Researchers earned an all-time high amount of funding this fall.
Researchers received more than $88 million in funding over the past three months – a 135 percent increase from this time last year, University President Steven Knapp announced at a Faculty Senate meeting last week. Hiring more young researchers and creating new institutes has led to the increase, researchers said.
Researchers also earned 135 new awards this fall, which is a 4.7 percent increase in the amount researchers earned between July and September last year, Knapp said.
“This has been the most active first quarter in the University’s history in research,” Knapp said. “It is a pretty dramatic picture.”
Knapp said it is “remarkable” that grant money has increased substantially, especially since research funding nationally has flattened out. New facilities, like in the Science and Engineering Hall and the Milken Institute School of Public Health building, have helped to recruit top researchers, he added.
“That is a result of strong recruitment of faculty and infrastructure improvements,” Knapp said. “We are bringing in faculty who have a different orientation when it comes to federally sponsored research.”
Researchers still face challenges bringing in grants with facility and administrative reimbursement, which provide financial support for the institution as well as for the researcher, Knapp said.
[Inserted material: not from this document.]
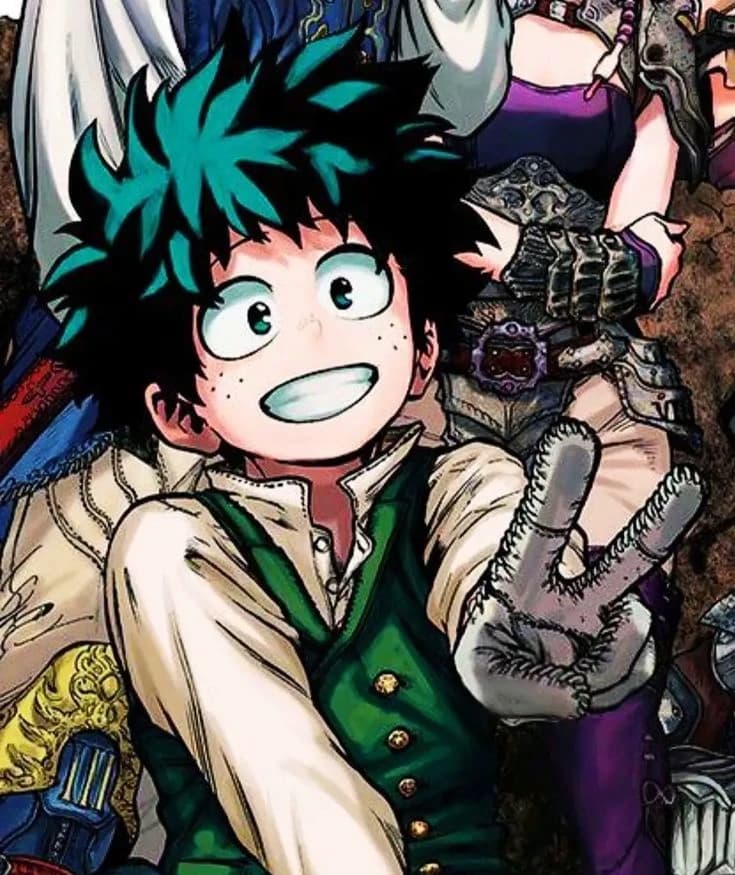 Bkdk x you! (Or you can ship yourself with anyone, I don't honestly care-) thumbnail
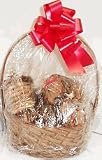 Gourmet Food : 4 Pound Assorted Cookie Basket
Recently, federal agencies funding opportunities have become competitive, and some researchers have turned to private funding due to a decrease in federal funds. Last year, Congress awarded an additional $2 billion to the National Institutes of Health in an effort to increase funding for medical research.
Leo Chalupa, the vice president for research, said in an email his office has created programs to support the development and submission of competitive grant proposals by expanding their research enhancement unit to include consultation and grant editing services.
The Office of the Vice President for Research has also provided funding opportunities, like a cross-disciplinary research fund, to support research teams and earn external funding, he added.
“The University’s investments in cross-disciplinary research institutes, faculty recruitment and research facilities are all increasing the competitiveness of grant proposals submitted by GW investigators,” Chalupa said.
This year’s figures represent awards that GW received official notification of during the period from July to September, but many of the awards are multi-year projects that will span three to five years, Chalupa said. He added he attributes the increase in funding to a number of large awards with proposed budgets of more than $1 million that were announced this quarter and the addition of top researchers.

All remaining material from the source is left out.